There is a community of Japanese people in Germany (or Nihonjin in Germany) consisting mainly of expatriates from Japan as well as German citizens of Japanese descent.

Demographics

In 1932 Berlin was the home of about 20% of all of the Japanese people in Europe and Germany had become a centre for Japanese people sent by the Japanese Ministry of Education to study in Europe. In 1936 the Japanese people were declared Honorary Aryans by the Nazis. At the time of the 1941 Attack on Pearl Harbor about 300 Japanese people lived in Berlin. Around that time fewer than 200 Japanese women and children previously in Germany returned to Japan by ship. They boarded the Yasukunimaru, a ship operated by NYK Line, in Hamburg.

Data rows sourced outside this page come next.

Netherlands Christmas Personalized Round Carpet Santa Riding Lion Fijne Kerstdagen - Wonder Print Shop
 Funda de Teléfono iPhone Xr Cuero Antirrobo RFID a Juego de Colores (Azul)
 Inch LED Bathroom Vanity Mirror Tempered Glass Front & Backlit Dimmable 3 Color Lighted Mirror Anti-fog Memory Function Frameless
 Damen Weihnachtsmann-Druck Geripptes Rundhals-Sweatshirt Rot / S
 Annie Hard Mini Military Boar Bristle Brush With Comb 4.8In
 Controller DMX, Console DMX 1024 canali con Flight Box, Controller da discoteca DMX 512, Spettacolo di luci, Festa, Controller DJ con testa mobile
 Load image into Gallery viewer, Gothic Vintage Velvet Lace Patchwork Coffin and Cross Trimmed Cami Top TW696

In 1963 there were 800 Japanese people in Hamburg, including 50 children.

In 1985 there were about 16,500 Japanese persons living in West Germany. The largest group, making up about 6,000, resided in Düsseldorf, and there were other Japanese communities in Berlin and Hamburg. At this time, over 90% of ethnic Japanese households in West Germany had an affluent corporate executive as the head of the household. This executive often stayed in Germany for three to five years, and company employees arriving in Germany often move into residences formerly occupied by those returning to Japan.

Tourism
In 1975, 195,350 Japanese people visited West Germany. In 1984 that figure was about 400,000.

Education

There are five nihonjin gakkō (Japanese international elementary and junior schools operated by Japanese associations) in Germany:
 Japanische Internationale Schule zu Berlin
 Japanische Internationale Schule in Düsseldorf
 Japanische Internationale Schule Frankfurt
 Japanische Schule in Hamburg
 Japanische Internationale Schule München

The Toin Gakuen Schule Deutschland, a Japanese boarding high school/gymnasium in Bad Saulgau classified as a shiritsu zaigai kyōiku shisetsu (overseas branch of a Japanese private school) was scheduled to close in 2012.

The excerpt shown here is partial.